Task item
Look through the material below and copy exactly the lines from the line with "24-Bedding Splittopper Hoeslaken" to the line with "Επιλέξτε Light (Λυχνία)", those two lines included.

Data
————————
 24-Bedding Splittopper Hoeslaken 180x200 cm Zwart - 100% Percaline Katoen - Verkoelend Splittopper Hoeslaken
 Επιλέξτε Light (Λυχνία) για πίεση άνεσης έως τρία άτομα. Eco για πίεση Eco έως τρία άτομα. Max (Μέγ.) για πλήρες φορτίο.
————————
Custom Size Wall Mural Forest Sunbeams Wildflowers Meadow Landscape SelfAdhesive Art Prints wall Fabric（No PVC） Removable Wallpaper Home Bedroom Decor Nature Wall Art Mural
————————
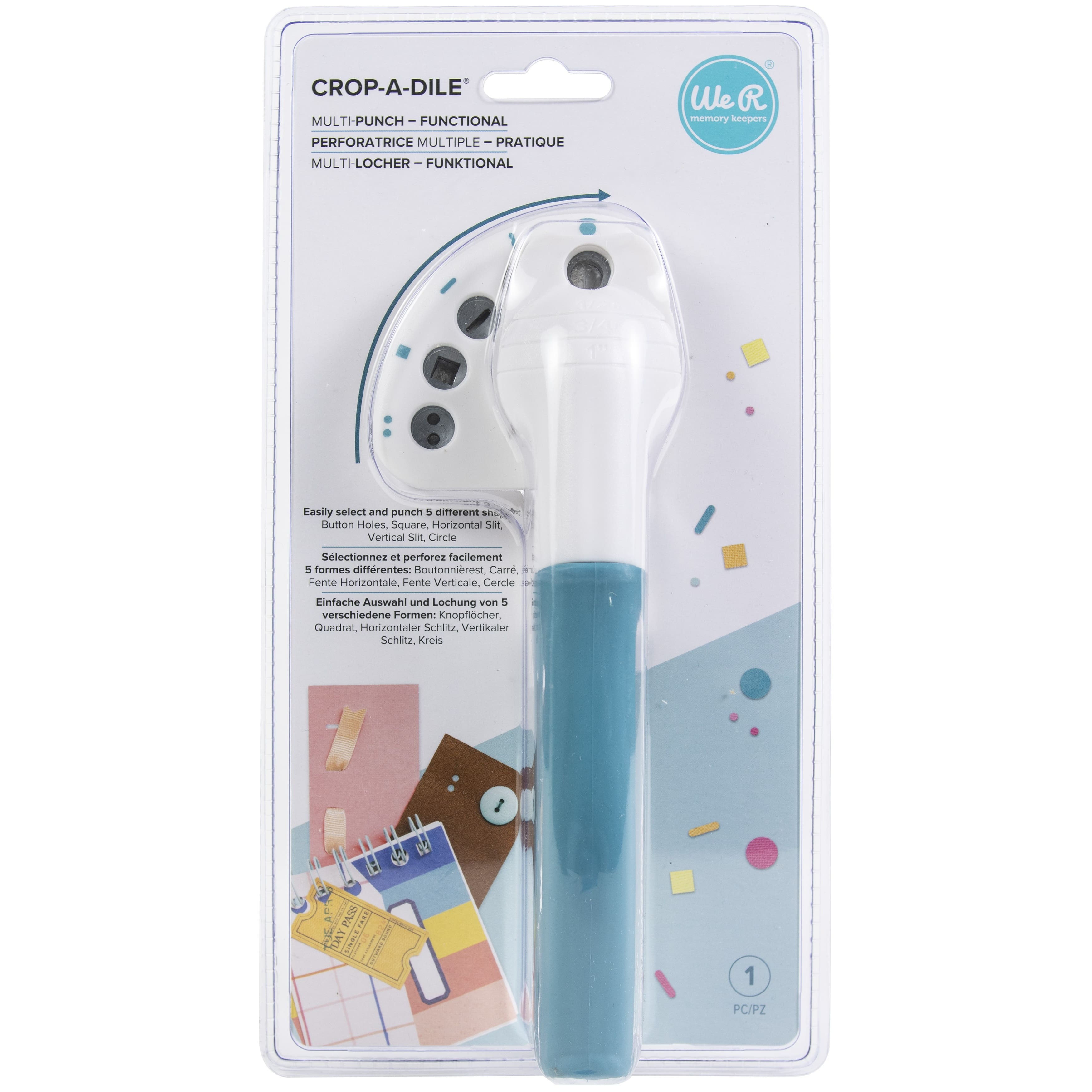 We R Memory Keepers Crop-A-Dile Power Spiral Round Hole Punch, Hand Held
————————
Response to the task
 24-Bedding Splittopper Hoeslaken 180x200 cm Zwart - 100% Percaline Katoen - Verkoelend Splittopper Hoeslaken
 Επιλέξτε Light (Λυχνία) για πίεση άνεσης έως τρία άτομα. Eco για πίεση Eco έως τρία άτομα. Max (Μέγ.) για πλήρες φορτίο.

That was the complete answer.